[[ EXERCISE DATA open ]]
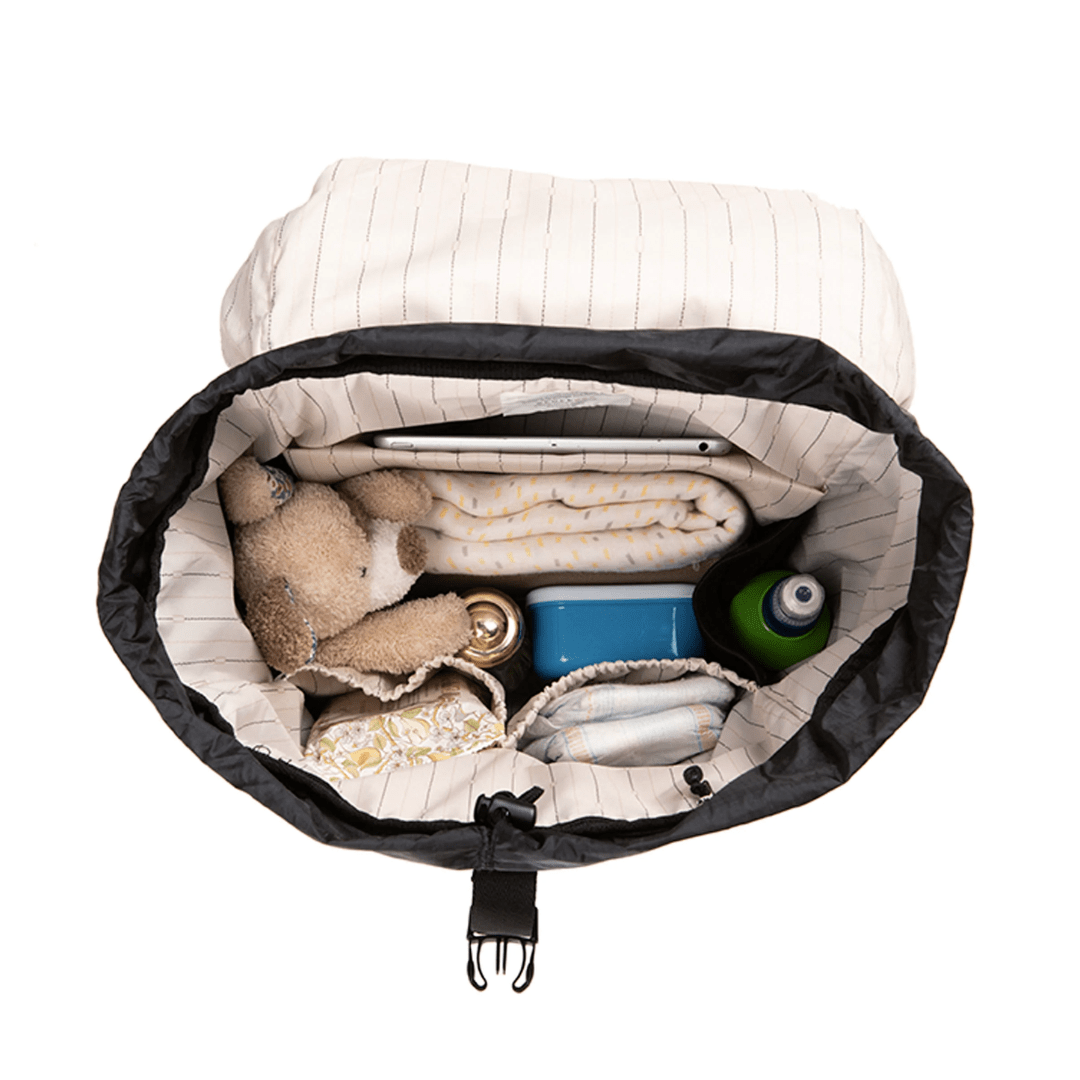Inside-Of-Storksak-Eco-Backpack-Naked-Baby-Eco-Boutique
[[ EXERCISE DATA closed ]]
[[ EXERCISE DATA open ]]
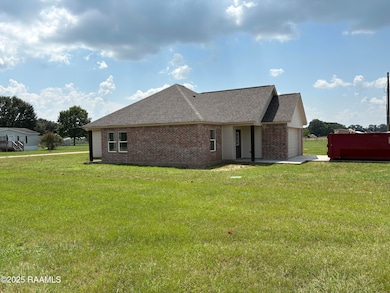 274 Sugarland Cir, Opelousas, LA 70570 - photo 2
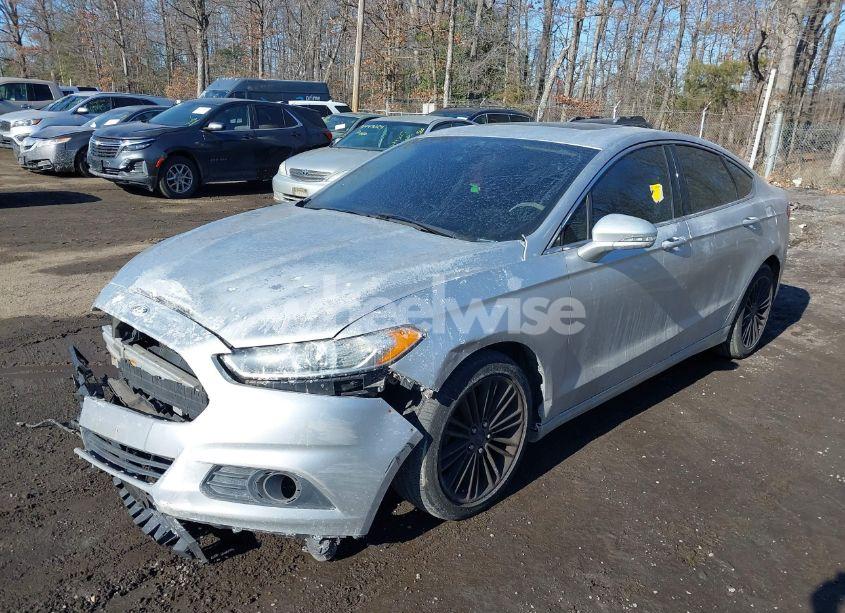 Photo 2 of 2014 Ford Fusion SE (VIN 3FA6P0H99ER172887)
[[ EXERCISE DATA closed ]]
▸ **PROMPT**
Print, exactly and with no pictures, the lines of the listing above starting at the one that has "274 Sugarland Cir, Opelousas, LA" and ending at the one that has "Photo 2 of 2014", both included.

▸ **RESPONSE TO THIS TASK**
 274 Sugarland Cir, Opelousas, LA 70570 - photo 2
 Photo 2 of 2014 Ford Fusion SE (VIN 3FA6P0H99ER172887)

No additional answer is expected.